= WORK REQUEST =
In the records that follow, show each line where the word "PlayStation" is present.

Top of SOURCE RECORDS

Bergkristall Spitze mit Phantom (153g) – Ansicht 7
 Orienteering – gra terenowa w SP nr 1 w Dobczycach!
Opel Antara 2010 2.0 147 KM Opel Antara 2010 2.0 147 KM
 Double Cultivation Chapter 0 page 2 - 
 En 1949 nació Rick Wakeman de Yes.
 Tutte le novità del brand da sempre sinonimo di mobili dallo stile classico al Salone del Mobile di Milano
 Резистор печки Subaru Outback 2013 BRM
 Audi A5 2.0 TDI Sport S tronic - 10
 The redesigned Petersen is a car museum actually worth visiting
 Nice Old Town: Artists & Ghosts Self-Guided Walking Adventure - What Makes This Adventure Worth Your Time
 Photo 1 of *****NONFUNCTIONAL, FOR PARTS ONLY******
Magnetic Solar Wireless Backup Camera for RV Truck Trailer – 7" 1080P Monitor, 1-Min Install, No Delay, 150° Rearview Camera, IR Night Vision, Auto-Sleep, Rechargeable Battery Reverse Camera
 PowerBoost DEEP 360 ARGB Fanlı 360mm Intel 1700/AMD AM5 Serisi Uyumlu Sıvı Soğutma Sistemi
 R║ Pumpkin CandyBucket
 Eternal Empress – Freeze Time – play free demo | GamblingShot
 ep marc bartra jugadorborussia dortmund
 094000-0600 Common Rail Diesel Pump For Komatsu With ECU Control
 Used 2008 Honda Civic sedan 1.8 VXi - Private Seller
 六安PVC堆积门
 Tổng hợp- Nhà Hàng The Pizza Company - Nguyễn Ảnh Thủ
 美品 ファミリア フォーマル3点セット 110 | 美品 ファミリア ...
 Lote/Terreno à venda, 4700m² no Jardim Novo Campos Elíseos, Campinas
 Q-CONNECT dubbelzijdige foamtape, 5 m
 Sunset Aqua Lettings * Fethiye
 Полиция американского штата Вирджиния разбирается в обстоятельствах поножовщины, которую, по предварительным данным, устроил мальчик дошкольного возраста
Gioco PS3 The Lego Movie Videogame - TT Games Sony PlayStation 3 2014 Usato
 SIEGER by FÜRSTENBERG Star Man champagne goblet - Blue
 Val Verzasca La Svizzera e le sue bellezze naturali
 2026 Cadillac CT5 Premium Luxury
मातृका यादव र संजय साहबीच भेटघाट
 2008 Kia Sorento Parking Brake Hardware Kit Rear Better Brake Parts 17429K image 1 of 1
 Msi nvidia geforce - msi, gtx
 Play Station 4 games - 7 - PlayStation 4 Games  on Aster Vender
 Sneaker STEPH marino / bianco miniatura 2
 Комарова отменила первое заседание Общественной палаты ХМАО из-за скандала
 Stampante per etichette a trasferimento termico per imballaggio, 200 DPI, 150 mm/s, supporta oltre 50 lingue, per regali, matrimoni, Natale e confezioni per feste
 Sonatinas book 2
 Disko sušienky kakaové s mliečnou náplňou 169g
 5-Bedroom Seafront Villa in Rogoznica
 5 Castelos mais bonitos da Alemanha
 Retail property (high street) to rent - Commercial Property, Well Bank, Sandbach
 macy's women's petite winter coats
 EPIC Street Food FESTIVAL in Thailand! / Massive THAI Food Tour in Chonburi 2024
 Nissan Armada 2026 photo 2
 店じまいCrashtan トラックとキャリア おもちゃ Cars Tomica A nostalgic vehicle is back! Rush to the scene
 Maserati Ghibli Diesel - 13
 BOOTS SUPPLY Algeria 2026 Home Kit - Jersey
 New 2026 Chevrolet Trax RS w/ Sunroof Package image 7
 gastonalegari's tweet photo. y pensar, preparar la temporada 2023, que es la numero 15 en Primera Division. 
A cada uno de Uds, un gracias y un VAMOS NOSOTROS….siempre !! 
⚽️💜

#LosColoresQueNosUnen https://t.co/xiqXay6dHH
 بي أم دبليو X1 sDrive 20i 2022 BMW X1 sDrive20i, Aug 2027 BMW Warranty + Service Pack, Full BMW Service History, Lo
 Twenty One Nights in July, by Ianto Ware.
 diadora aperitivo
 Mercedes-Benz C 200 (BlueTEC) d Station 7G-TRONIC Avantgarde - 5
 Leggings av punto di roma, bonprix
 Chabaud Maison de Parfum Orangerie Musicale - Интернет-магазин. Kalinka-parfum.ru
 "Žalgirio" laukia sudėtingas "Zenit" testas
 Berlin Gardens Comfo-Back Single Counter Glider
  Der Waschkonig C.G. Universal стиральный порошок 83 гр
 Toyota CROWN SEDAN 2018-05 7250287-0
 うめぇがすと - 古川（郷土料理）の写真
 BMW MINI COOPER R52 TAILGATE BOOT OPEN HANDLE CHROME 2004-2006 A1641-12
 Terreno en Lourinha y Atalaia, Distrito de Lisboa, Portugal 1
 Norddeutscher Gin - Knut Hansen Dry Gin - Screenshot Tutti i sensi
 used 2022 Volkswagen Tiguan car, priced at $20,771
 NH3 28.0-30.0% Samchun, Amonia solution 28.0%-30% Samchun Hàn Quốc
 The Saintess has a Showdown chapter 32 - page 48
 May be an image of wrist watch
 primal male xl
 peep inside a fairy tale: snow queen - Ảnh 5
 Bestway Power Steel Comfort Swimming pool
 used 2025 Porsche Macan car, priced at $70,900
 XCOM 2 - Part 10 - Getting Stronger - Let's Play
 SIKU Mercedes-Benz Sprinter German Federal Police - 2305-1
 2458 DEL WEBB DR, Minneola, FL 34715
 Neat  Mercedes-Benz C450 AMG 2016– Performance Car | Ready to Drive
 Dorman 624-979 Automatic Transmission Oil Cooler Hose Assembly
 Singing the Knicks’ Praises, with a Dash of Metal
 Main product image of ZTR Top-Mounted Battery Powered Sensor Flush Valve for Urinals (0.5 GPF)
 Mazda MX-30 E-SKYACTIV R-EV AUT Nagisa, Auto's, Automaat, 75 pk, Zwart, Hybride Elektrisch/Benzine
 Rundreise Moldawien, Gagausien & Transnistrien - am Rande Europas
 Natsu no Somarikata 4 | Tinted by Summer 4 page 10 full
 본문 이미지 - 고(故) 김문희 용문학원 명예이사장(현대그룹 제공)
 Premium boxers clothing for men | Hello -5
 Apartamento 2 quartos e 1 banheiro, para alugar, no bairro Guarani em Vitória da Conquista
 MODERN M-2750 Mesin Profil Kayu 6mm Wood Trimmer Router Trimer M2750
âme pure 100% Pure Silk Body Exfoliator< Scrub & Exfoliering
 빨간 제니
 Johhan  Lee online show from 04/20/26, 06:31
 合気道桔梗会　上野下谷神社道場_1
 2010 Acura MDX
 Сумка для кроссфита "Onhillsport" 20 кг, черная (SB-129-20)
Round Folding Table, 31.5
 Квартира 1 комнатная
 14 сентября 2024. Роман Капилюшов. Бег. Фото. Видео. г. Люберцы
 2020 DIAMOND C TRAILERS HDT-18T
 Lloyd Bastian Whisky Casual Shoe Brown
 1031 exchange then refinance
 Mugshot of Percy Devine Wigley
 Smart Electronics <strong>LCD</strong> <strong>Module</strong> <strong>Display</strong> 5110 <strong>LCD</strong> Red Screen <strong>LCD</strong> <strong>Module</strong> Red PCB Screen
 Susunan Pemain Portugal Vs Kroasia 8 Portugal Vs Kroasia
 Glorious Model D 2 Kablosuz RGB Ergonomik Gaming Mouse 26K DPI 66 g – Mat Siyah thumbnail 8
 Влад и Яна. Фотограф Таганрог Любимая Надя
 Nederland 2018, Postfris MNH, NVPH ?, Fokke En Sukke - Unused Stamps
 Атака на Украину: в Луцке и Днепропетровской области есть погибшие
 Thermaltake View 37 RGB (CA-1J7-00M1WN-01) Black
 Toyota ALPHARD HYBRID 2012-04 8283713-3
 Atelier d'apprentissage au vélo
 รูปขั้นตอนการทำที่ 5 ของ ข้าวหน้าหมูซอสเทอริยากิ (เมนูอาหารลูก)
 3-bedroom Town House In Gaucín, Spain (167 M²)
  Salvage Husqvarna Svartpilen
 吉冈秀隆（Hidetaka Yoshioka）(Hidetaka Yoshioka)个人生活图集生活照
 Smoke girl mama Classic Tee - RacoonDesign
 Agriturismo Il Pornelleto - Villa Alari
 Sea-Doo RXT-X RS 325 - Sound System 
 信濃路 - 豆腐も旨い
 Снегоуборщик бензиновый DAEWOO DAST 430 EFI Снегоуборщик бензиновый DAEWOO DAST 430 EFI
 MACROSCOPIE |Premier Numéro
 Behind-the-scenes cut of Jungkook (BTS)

Bottom of SOURCE RECORDS

= WORKED SOLUTION =
Gioco PS3 The Lego Movie Videogame - TT Games Sony PlayStation 3 2014 Usato
 Play Station 4 games - 7 - PlayStation 4 Games  on Aster Vender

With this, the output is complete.